**Exercise instructions**
In the records below, find the line holding "Седан Volkswagen Passat 2015 в Вінниці" and the line holding "Shrimp Quesadillas Gobernador - 4 Pack". Set down both, with every line between them, exactly.

*** Opening Supplied records ***

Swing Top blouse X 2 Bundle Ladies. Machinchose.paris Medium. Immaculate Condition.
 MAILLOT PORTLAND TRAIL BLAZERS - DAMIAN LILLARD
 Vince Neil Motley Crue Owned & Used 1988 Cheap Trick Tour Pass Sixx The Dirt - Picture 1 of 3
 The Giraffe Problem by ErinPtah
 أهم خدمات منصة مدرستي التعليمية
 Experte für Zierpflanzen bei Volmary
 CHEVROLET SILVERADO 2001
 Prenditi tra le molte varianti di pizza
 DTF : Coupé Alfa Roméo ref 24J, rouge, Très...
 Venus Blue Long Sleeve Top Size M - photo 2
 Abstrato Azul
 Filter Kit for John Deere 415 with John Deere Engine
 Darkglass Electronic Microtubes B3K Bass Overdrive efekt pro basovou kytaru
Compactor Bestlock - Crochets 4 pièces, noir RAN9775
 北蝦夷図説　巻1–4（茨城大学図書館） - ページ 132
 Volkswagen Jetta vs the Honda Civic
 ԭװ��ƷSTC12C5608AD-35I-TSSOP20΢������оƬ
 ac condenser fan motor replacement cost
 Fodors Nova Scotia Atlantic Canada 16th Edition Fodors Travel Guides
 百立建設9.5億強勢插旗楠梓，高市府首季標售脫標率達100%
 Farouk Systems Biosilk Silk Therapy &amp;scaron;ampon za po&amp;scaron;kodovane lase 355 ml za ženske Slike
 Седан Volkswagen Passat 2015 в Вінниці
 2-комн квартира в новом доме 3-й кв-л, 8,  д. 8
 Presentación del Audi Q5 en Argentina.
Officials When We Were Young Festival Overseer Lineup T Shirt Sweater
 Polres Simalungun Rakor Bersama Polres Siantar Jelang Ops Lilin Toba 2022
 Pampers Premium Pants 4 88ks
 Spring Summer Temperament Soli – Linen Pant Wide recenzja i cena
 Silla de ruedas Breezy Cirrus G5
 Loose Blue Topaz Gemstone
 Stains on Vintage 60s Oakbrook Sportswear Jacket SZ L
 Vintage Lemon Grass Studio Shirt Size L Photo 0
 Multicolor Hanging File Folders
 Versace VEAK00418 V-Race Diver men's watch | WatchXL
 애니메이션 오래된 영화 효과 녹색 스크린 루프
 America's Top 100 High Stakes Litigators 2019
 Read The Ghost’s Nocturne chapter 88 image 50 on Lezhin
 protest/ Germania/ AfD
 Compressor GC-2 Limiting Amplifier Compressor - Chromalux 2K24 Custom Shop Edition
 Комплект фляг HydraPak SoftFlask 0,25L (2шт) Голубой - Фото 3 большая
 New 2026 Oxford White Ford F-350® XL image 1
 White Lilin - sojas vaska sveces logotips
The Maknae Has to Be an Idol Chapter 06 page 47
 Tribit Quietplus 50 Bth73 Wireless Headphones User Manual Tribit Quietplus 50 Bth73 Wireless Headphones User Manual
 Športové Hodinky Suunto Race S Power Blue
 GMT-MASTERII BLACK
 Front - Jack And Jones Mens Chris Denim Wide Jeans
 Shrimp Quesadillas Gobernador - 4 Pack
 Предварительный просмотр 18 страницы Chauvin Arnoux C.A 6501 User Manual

*** Closing Supplied records ***

**Finished task**
 Седан Volkswagen Passat 2015 в Вінниці
 2-комн квартира в новом доме 3-й кв-л, 8,  д. 8
 Presentación del Audi Q5 en Argentina.
Officials When We Were Young Festival Overseer Lineup T Shirt Sweater
 Polres Simalungun Rakor Bersama Polres Siantar Jelang Ops Lilin Toba 2022
 Pampers Premium Pants 4 88ks
 Spring Summer Temperament Soli – Linen Pant Wide recenzja i cena
 Silla de ruedas Breezy Cirrus G5
 Loose Blue Topaz Gemstone
 Stains on Vintage 60s Oakbrook Sportswear Jacket SZ L
 Vintage Lemon Grass Studio Shirt Size L Photo 0
 Multicolor Hanging File Folders
 Versace VEAK00418 V-Race Diver men's watch | WatchXL
 애니메이션 오래된 영화 효과 녹색 스크린 루프
 America's Top 100 High Stakes Litigators 2019
 Read The Ghost’s Nocturne chapter 88 image 50 on Lezhin
 protest/ Germania/ AfD
 Compressor GC-2 Limiting Amplifier Compressor - Chromalux 2K24 Custom Shop Edition
 Комплект фляг HydraPak SoftFlask 0,25L (2шт) Голубой - Фото 3 большая
 New 2026 Oxford White Ford F-350® XL image 1
 White Lilin - sojas vaska sveces logotips
The Maknae Has to Be an Idol Chapter 06 page 47
 Tribit Quietplus 50 Bth73 Wireless Headphones User Manual Tribit Quietplus 50 Bth73 Wireless Headphones User Manual
 Športové Hodinky Suunto Race S Power Blue
 GMT-MASTERII BLACK
 Front - Jack And Jones Mens Chris Denim Wide Jeans
 Shrimp Quesadillas Gobernador - 4 Pack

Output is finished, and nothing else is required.